** Problem to work on **
No pictures, nothing altered: return the data below.

** Data provided **
↓

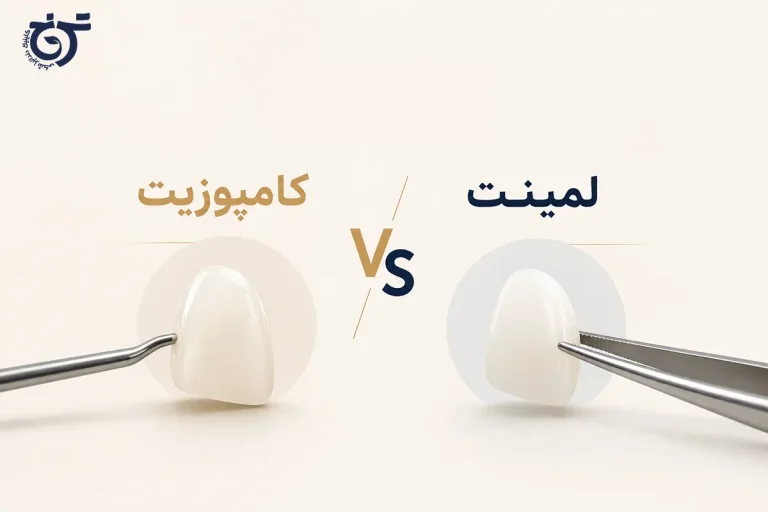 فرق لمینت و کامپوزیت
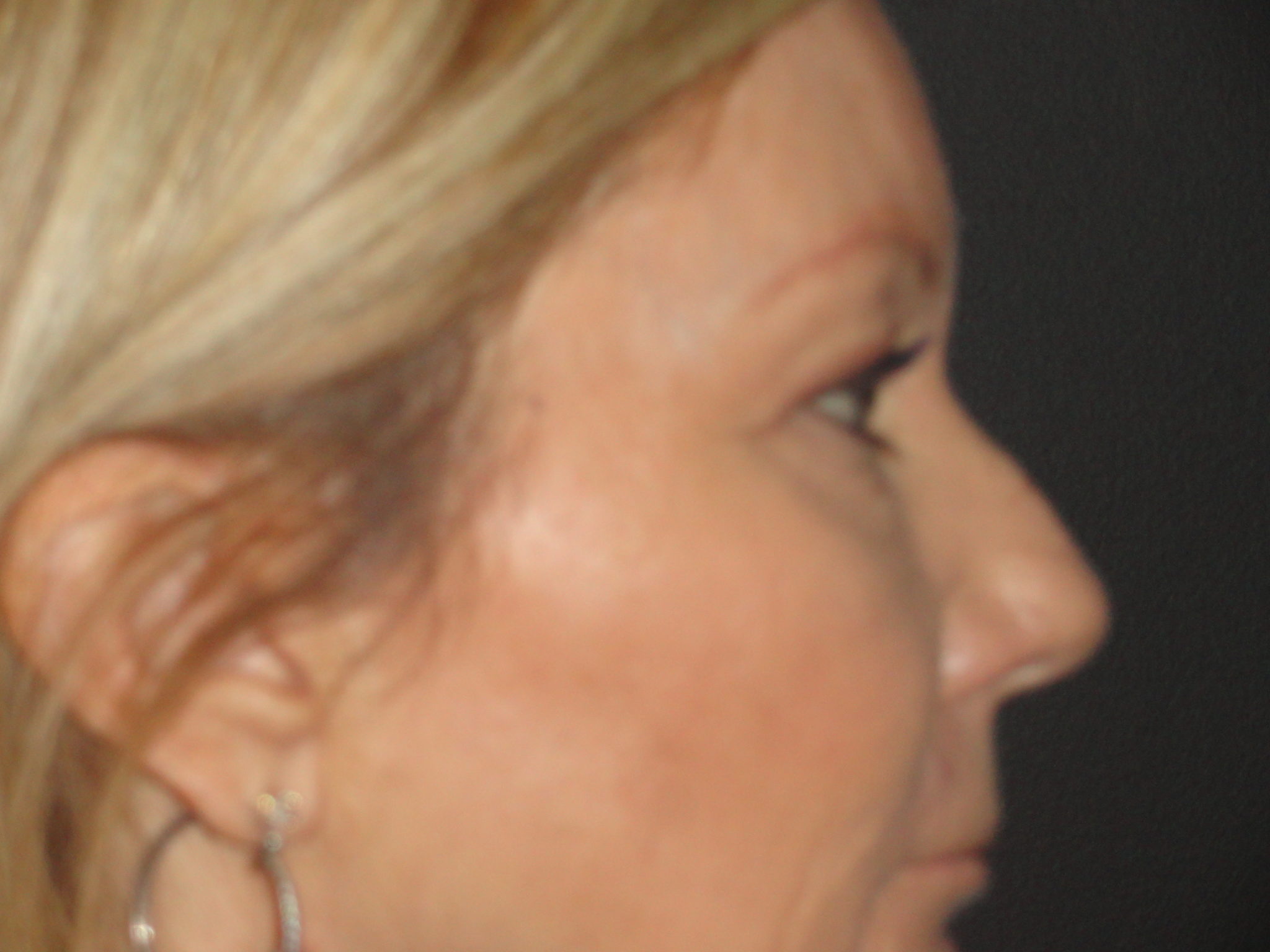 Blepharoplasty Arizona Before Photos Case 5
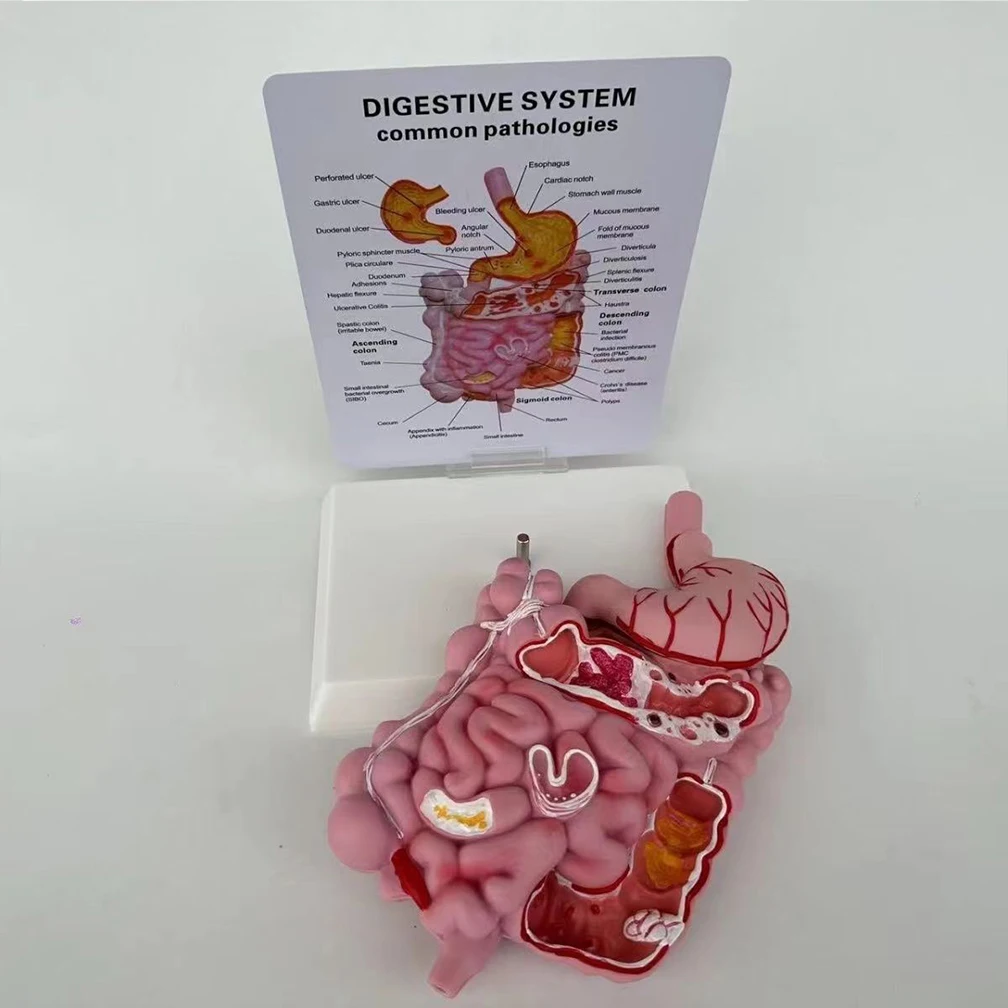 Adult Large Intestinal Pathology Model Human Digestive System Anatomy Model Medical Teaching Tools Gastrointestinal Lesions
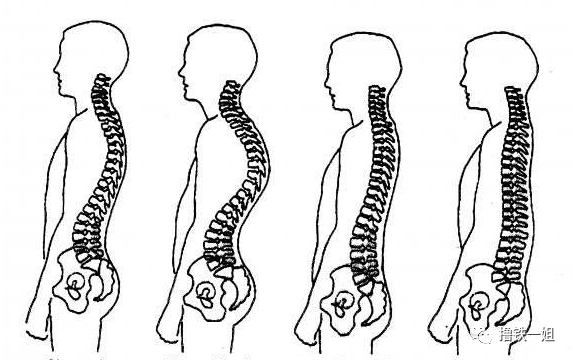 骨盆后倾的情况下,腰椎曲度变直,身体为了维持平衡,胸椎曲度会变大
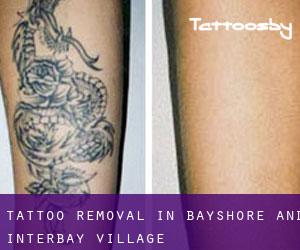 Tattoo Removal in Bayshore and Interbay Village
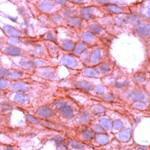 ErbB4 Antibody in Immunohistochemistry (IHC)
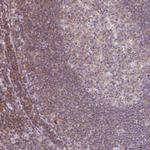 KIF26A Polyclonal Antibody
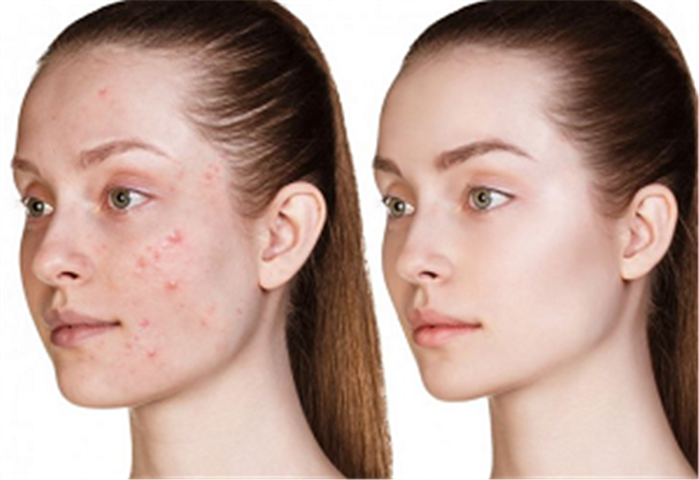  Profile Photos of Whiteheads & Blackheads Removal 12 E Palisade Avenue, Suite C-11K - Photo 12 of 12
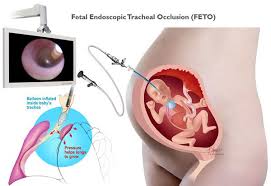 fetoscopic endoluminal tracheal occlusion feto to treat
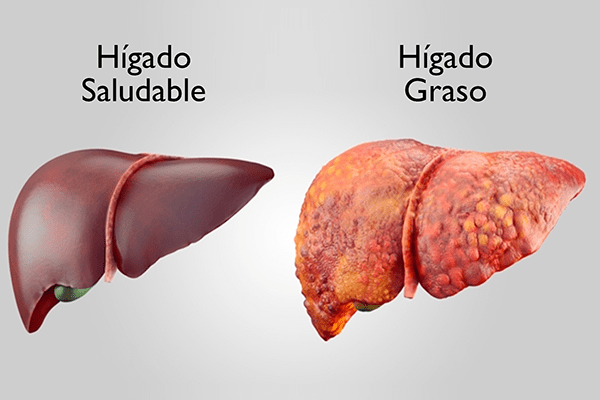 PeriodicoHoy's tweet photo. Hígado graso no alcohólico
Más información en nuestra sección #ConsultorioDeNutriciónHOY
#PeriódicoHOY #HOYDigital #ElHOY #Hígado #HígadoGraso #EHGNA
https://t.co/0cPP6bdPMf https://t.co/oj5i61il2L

↑

** Response **
 فرق لمینت و کامپوزیت
 Blepharoplasty Arizona Before Photos Case 5
 Adult Large Intestinal Pathology Model Human Digestive System Anatomy Model Medical Teaching Tools Gastrointestinal Lesions
 骨盆后倾的情况下,腰椎曲度变直,身体为了维持平衡,胸椎曲度会变大
 Tattoo Removal in Bayshore and Interbay Village
 ErbB4 Antibody in Immunohistochemistry (IHC)
 KIF26A Polyclonal Antibody
  Profile Photos of Whiteheads & Blackheads Removal 12 E Palisade Avenue, Suite C-11K - Photo 12 of 12
 fetoscopic endoluminal tracheal occlusion feto to treat
 PeriodicoHoy's tweet photo. Hígado graso no alcohólico
Más información en nuestra sección #ConsultorioDeNutriciónHOY
#PeriódicoHOY #HOYDigital #ElHOY #Hígado #HígadoGraso #EHGNA
https://t.co/0cPP6bdPMf https://t.co/oj5i61il2L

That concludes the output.